Ich sage nicht, dass das immer alles einfach ist, aber es lohnt sich! Wie alles, ist auch das eine Übungssache.
Wenn Kinder schon von Früh an erfahren, dass sie selbstwirksam sind, dass sie ihre Umwelt und ihr Leben selbst (mit)bestimmen können, können sie zu starken, selbstbewussten Erwachsenen werden. Vielleicht hilft dir dieser Gedanke auch dabei, die ein oder andere unangenehme Situation auszuhalten und ruhiger zu reagieren.
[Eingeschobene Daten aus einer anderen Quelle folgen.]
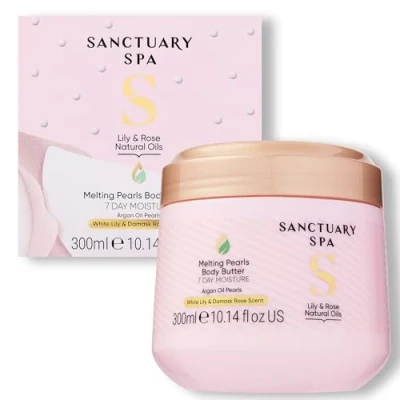 Image of Sanctuary Spa Lily and Rose Natural Oils Melting Pearls Body Butter, No Mineral Oil, Cruelty Free Vegan Shea Moisturiser, 300ml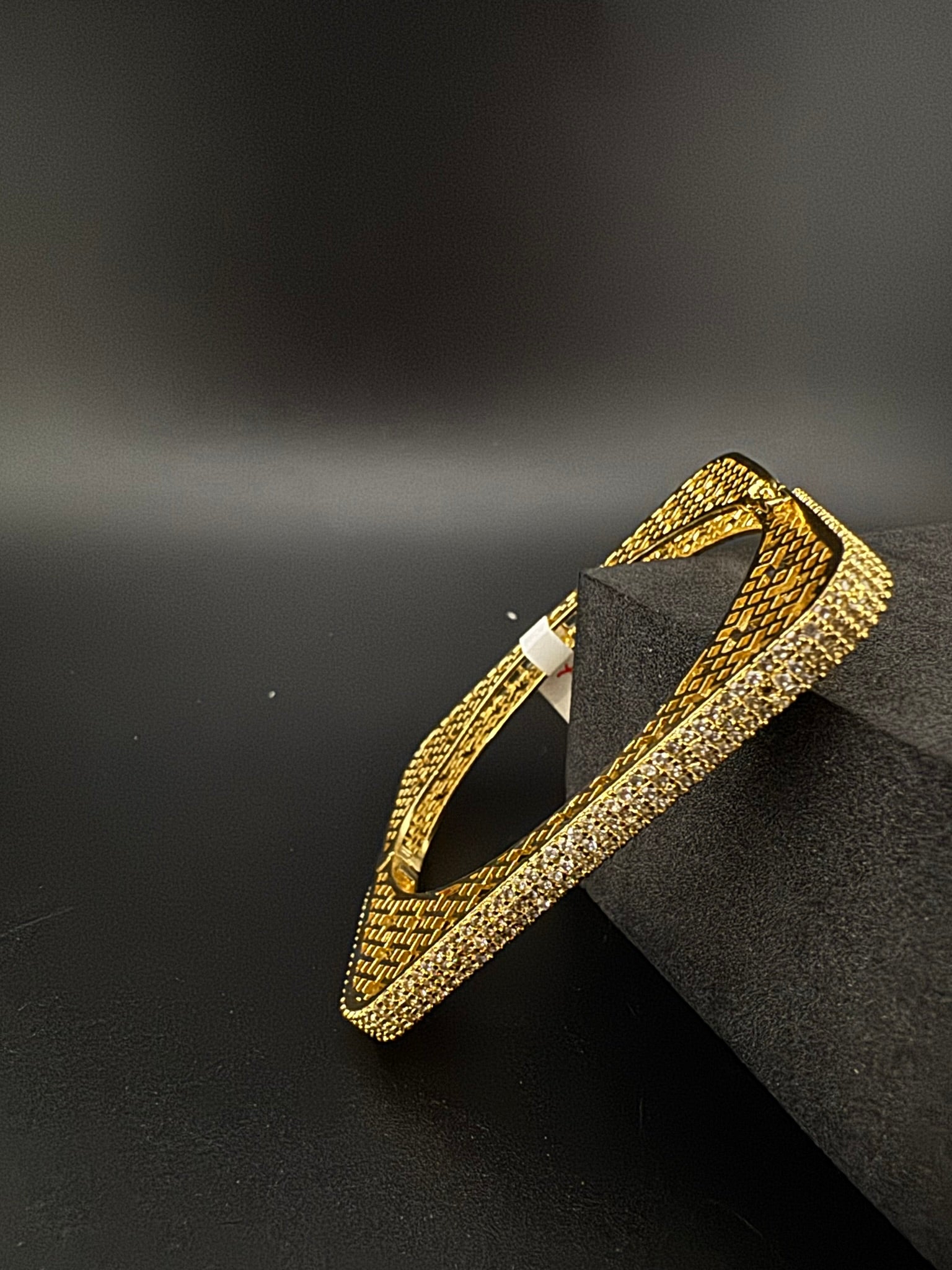 High Quality Square Gold Polish, Cubic Zirconia Openable Bracelet Designer bracelet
Genieße es. Ganz bewusst. Mach neue Erfahrungen mit deinem Kind. Wachst zusammen. Weiß: du bist nicht alleine!
Und ganz wichtig – nehme dir Zeit für dich. Nur wenn du dir Zeit nimmst, kannst du im Gleichgewicht sein. Dann kannst du auch viel entspannter auf das nächste „Ich will aber!!“ reagieren.